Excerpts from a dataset
● ● ● ● ● ● ●

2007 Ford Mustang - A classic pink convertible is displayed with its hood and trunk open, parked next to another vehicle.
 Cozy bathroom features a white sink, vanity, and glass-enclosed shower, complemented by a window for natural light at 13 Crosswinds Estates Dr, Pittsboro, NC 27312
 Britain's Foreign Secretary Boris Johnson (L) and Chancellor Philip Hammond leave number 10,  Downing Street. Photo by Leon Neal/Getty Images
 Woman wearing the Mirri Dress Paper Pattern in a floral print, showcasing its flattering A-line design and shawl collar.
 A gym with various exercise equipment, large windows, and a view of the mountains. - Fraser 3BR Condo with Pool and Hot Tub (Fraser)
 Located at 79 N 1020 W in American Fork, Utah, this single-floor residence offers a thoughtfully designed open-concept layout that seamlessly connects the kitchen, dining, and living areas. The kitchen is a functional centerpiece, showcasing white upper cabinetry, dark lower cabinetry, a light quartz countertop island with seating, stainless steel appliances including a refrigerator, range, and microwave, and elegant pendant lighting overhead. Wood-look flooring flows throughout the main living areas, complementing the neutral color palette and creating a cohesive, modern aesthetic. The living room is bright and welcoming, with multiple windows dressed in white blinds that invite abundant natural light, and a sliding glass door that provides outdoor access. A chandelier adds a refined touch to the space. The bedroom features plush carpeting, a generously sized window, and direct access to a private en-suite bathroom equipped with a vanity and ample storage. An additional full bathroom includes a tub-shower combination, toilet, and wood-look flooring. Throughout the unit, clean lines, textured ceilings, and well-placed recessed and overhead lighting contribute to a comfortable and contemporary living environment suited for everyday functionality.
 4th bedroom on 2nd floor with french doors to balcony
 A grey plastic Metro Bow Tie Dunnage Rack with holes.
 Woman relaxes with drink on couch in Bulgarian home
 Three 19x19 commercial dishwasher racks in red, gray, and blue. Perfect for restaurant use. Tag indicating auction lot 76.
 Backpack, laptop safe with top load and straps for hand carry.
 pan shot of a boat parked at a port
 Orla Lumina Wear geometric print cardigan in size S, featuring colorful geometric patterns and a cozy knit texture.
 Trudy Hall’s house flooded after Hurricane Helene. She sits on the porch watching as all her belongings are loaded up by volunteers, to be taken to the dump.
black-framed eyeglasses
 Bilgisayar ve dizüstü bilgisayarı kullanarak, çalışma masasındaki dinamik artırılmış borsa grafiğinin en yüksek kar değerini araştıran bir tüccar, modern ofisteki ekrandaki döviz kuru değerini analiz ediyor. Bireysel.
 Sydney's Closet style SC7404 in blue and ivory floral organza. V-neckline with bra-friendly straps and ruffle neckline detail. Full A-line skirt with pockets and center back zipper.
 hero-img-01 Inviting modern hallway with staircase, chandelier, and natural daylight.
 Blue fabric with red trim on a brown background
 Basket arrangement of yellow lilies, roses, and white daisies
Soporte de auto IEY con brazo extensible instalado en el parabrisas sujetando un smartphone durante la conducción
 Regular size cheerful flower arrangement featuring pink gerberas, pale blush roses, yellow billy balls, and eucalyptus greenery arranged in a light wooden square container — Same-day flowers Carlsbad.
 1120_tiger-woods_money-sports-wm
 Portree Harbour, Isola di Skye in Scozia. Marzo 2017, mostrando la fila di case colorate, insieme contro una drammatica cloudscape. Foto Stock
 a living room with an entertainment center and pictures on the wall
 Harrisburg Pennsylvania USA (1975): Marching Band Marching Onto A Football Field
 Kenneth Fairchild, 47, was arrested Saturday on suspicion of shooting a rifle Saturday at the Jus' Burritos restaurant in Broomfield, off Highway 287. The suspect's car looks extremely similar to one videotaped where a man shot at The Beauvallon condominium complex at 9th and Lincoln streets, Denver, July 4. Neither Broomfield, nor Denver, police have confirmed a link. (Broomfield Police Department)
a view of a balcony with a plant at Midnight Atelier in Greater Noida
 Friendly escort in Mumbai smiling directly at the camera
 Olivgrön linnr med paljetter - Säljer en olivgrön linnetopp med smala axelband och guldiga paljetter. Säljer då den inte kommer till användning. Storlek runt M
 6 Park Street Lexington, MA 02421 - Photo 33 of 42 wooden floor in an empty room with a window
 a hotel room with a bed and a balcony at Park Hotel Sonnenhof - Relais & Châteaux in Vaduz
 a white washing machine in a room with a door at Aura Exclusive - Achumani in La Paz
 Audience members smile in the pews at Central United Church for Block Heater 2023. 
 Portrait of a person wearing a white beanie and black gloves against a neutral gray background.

● ● ● ● ● ● ●

GOAL OF THE EXERCISE:
Could you say how many lines in the data above contain "print"? Reply with the number alone.

RESPONSE TO THIS TASK:
2